Manufacturing process 30 2-Phenoxyimino-2- (thien-3-yl) -acetic acid (syn-isomer)

The title compound was prepared in 31% yield. The N.M.R. spectrum of the product included Signals at r 2.0 to 3.0 (multiple, phenyl and thien-3-yl-protoneni.

Manufacturing process 31 2-Cyc! Opentyloxyäm! No-2- {thien-3-y!) - acetic acid (syn-isomeres)

The title compound was prepared using Preparation Methods 14 and 15, generally described above. After purification by method b and crystallization from cyclohexane, the product had a melting point of 90 ° C .; ;. "" (PH 6 buffer) 261 nm (r 13 500); and r values (DMSO-Ci ₆ )

50 55

65

containing 2.29, 2.35 and 2.67 (thien-3-yl protons) and 5.25 and 8.0 to 8.6 (cyclophonyl protons).

Manufacturing process 32

2-p-nitrophenoxyiminothien-2-ylacetic acid (syn-isomer)

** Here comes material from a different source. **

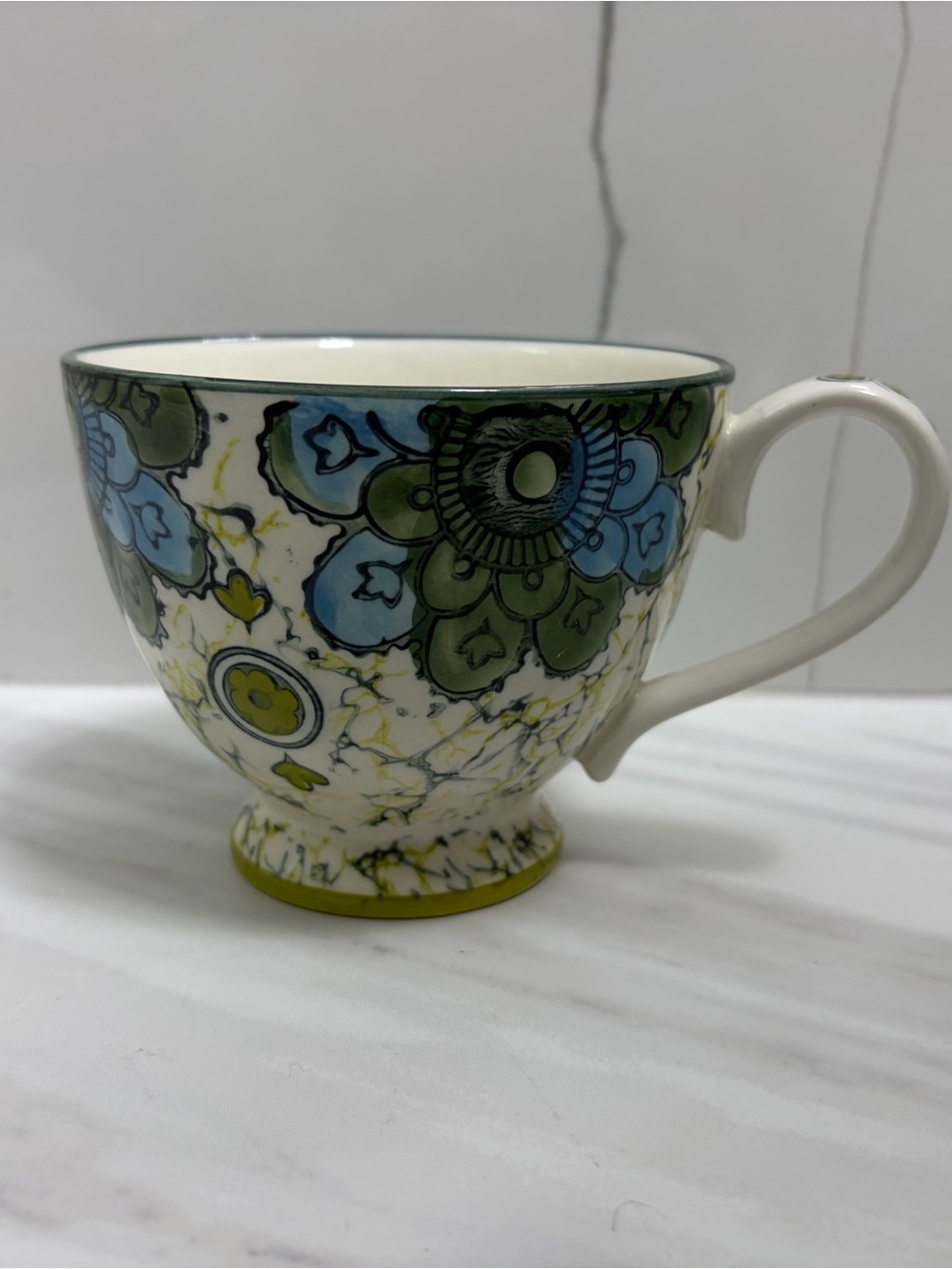 Anthropologie Kebaya Mandala Floral Footed Pedestal Coffee Mug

A solution of methyl hydroxyiminothien-2-ylacetate (syn-isomeres) (1.85 g) in dry methanol (10 ml) was neutralized with 1.12 M methanolic sodium methoxide solution (9 ml). The solvent

ίο was removed under reduced pressure and the residue after drying overnight in vacuo over phosphorus monoxide, dissolved in benzene / N, N-dimethylformamide (2: 1, V / V, 30 ml) and with p-nitrofluorobenzene (1.41 g) The resulting solution was stirred for 24 hours and then poured into 150 ml of water. the The mixture was extracted with ether (3 × 30 ml) and the combined extracts with water and saturated saline solution washed, dried and evaporated to a white solid which recrystallizes from cyclohexane and 23 g of 2-p-Nitrophenoxyiminothien-2-ylessigsäuΓemethylester (syn-Isomeres) (75%) in colorless

Needles F = 118.9 ^C C (Mettler) gave. ). _max (ethanol) 321.5 nm (ε 24 500), ), "". 285 nm (r 11400). |

4.1 g of the above ester were suspended in 150 ml of methanol and 13.4 ml of 2N sodium hydroxide solution. |

Most of the solid dissolved on heating. The mixture was left at room temperature for 48 hours Stirred temperature, thin layer chromatography showed the absence of starting material. The J

Methanol was evaporated and the residue was diluted with water. After washing with ether, the aqueous phase was acidified to pH 2 under Aihet and then extracted with more ether. The combined extracts were washed Ätherex-%, dried and evaporated to dryness. By crystallization of the residue from | Nitromethane there was obtained 1.65 g of 2-p-Nitrophenoxyiminothien-2-ylacetic acid (syn-lsomeres) (42%), from the 1 F = 137.9 ⁰ C (Mettler) X _max (ethanol) 264, 322.5 nm ( c 9 400; 18 500). 6th

The acids described in preparation processes 29 to 32 above were converted into their acid chlorides I , the general method described above for converting a 2-substituted, oxyimino-2-arylacetic acid into its acid chloride, without isomerization, being used. |

Examples I.

General processes for the preparation of 7j5- (2-alkoxyimino-2-subst..acetamido) -3- (subsi.) Methylceph- | 3-em-4-carboxylic acids using dicylohexylcarbodiimide 6

(i) Production of intermediate 4-carboxylic acid esters *

Procedure A §

To a solution of tert-butyl or diphenylmethyl esters of 7j! KArnino-3- (sub5t.) Methylceph-3-ner- |

4-carboxylic acid (1 eq.) And dicyclohexylcarbodiimide (1 to 1.2 eq.) In dry methylene chloride (as f

Cosolvents were used, for example, dimethylformamide or dioxane) was added at 0 to 20 ° |

a solution of syn-2-alkoxyimino-substituted acetic acid (1 eq.) in dry methylene chloride. After the rest g

Ren for 45 minutes to 3 hours at room temperature, the mixture was filtered, the filtrate became |

successively with 2 η hydrochloric acid, saturated sodium hydrogen carbonate solution, water and salt!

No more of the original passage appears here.